[Supplied data]

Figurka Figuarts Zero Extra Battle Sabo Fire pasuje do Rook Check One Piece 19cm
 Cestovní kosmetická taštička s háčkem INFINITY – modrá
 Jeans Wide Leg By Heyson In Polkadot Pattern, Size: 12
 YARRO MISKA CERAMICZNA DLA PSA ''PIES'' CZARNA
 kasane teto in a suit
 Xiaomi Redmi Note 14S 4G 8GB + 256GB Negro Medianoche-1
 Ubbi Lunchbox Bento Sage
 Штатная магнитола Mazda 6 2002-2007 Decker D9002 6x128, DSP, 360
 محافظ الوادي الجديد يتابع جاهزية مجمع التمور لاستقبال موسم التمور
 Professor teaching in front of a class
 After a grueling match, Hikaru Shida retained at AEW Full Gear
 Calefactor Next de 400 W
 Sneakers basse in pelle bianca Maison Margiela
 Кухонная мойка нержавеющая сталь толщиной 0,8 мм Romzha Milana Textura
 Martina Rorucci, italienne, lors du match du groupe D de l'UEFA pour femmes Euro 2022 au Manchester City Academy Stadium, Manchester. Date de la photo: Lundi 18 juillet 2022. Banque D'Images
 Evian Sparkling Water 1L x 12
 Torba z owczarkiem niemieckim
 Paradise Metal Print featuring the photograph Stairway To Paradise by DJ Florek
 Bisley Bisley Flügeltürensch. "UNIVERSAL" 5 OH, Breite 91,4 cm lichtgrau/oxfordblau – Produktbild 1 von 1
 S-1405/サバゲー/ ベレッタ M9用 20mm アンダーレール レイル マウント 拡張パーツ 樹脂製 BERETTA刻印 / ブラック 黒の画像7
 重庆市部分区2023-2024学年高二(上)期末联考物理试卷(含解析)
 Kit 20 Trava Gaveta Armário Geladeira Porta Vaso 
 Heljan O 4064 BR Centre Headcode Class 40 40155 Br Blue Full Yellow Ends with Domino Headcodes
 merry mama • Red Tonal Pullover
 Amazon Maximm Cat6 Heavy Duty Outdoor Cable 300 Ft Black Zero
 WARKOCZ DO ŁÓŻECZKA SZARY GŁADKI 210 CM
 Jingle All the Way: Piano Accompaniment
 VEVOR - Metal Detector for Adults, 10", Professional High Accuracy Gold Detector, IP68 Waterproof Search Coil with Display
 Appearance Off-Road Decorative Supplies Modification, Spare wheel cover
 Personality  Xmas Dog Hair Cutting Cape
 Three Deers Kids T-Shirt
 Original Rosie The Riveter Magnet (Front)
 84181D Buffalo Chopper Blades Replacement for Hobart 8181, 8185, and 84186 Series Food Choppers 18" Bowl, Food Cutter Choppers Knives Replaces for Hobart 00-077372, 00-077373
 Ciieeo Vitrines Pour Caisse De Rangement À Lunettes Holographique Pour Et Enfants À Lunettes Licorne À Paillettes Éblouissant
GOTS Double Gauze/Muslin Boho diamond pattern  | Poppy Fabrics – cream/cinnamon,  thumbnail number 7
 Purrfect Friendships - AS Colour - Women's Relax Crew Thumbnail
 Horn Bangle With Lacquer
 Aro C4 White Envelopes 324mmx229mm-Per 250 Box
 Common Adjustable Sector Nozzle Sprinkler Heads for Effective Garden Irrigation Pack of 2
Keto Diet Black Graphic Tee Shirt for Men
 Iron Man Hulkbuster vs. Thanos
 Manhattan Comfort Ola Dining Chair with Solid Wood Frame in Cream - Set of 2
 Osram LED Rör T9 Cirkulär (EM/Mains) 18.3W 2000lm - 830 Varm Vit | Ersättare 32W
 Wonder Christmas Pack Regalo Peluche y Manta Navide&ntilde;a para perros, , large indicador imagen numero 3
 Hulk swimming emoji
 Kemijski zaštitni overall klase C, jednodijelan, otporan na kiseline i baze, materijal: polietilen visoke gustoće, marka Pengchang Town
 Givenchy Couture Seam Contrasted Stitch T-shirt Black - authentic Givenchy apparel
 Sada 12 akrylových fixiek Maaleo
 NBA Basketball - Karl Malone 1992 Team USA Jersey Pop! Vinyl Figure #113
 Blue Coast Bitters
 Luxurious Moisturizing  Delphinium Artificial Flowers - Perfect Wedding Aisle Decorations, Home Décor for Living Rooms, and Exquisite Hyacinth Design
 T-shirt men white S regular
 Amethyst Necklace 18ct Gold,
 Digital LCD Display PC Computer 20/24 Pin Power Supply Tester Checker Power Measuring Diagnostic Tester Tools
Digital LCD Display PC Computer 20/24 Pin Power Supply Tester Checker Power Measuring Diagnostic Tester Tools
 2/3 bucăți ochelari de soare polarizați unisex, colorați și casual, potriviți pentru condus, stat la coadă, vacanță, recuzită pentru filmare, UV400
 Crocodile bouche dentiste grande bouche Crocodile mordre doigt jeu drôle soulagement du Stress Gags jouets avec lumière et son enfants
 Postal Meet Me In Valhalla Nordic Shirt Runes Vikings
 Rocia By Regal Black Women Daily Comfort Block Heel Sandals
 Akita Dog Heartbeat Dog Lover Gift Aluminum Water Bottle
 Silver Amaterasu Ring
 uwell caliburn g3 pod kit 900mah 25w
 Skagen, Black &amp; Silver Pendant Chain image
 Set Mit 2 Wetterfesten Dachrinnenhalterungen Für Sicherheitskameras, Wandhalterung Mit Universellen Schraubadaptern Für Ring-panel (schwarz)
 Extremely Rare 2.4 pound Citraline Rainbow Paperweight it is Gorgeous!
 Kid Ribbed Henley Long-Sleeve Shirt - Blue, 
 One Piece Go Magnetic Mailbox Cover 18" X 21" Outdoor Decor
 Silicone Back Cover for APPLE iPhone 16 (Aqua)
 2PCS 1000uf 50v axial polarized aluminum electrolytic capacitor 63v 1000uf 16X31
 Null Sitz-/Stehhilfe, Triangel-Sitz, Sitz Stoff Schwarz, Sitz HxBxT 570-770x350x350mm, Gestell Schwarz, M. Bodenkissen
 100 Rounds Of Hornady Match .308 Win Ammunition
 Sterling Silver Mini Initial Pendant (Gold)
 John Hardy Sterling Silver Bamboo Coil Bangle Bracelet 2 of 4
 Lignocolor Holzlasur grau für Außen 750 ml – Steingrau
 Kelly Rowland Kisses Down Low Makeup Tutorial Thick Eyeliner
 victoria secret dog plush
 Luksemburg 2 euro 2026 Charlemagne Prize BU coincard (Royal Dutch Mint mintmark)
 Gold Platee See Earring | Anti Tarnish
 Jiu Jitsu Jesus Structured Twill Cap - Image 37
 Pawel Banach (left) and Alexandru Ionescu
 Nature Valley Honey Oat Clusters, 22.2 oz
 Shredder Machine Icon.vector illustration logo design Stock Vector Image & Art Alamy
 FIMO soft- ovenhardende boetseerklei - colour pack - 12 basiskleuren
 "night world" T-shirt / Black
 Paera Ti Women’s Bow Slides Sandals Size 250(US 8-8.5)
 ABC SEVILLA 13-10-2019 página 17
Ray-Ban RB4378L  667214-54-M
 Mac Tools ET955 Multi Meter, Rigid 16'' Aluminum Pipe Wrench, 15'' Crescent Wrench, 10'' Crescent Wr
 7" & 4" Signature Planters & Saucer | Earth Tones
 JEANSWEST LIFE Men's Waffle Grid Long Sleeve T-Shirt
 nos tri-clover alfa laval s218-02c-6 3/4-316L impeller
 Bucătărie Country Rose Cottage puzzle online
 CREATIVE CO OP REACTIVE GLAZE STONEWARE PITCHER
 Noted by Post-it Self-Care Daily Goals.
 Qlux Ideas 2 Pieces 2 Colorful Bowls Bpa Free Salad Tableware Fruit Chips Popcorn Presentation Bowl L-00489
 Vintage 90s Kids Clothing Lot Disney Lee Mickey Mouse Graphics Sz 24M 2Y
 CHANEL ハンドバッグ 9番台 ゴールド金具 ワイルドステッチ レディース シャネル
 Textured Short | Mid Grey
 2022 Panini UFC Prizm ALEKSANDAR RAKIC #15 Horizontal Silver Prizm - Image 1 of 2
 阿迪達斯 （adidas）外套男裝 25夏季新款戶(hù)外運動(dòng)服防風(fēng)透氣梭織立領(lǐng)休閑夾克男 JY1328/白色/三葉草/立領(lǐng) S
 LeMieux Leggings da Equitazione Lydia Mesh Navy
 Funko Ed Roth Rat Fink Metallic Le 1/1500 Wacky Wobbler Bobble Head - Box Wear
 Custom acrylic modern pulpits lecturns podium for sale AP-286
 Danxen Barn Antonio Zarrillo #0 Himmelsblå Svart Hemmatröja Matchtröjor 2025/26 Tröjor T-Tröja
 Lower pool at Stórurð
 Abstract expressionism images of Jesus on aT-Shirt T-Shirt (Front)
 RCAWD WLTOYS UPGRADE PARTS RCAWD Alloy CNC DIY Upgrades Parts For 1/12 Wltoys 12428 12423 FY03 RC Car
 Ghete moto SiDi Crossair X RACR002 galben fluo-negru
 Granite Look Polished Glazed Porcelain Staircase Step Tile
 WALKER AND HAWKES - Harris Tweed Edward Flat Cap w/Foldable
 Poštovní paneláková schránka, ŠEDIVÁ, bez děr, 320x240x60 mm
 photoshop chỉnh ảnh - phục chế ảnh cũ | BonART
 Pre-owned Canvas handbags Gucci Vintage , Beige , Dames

[Assigned task]
Starting at the line above that contains "merry mama • Red Tonal Pullover", repeat each line exactly up to and including the line that contains "Hulk swimming emoji", and stop there.

[Result of the exercise]
 merry mama • Red Tonal Pullover
 Amazon Maximm Cat6 Heavy Duty Outdoor Cable 300 Ft Black Zero
 WARKOCZ DO ŁÓŻECZKA SZARY GŁADKI 210 CM
 Jingle All the Way: Piano Accompaniment
 VEVOR - Metal Detector for Adults, 10", Professional High Accuracy Gold Detector, IP68 Waterproof Search Coil with Display
 Appearance Off-Road Decorative Supplies Modification, Spare wheel cover
 Personality  Xmas Dog Hair Cutting Cape
 Three Deers Kids T-Shirt
 Original Rosie The Riveter Magnet (Front)
 84181D Buffalo Chopper Blades Replacement for Hobart 8181, 8185, and 84186 Series Food Choppers 18" Bowl, Food Cutter Choppers Knives Replaces for Hobart 00-077372, 00-077373
 Ciieeo Vitrines Pour Caisse De Rangement À Lunettes Holographique Pour Et Enfants À Lunettes Licorne À Paillettes Éblouissant
GOTS Double Gauze/Muslin Boho diamond pattern  | Poppy Fabrics – cream/cinnamon,  thumbnail number 7
 Purrfect Friendships - AS Colour - Women's Relax Crew Thumbnail
 Horn Bangle With Lacquer
 Aro C4 White Envelopes 324mmx229mm-Per 250 Box
 Common Adjustable Sector Nozzle Sprinkler Heads for Effective Garden Irrigation Pack of 2
Keto Diet Black Graphic Tee Shirt for Men
 Iron Man Hulkbuster vs. Thanos
 Manhattan Comfort Ola Dining Chair with Solid Wood Frame in Cream - Set of 2
 Osram LED Rör T9 Cirkulär (EM/Mains) 18.3W 2000lm - 830 Varm Vit | Ersättare 32W
 Wonder Christmas Pack Regalo Peluche y Manta Navide&ntilde;a para perros, , large indicador imagen numero 3
 Hulk swimming emoji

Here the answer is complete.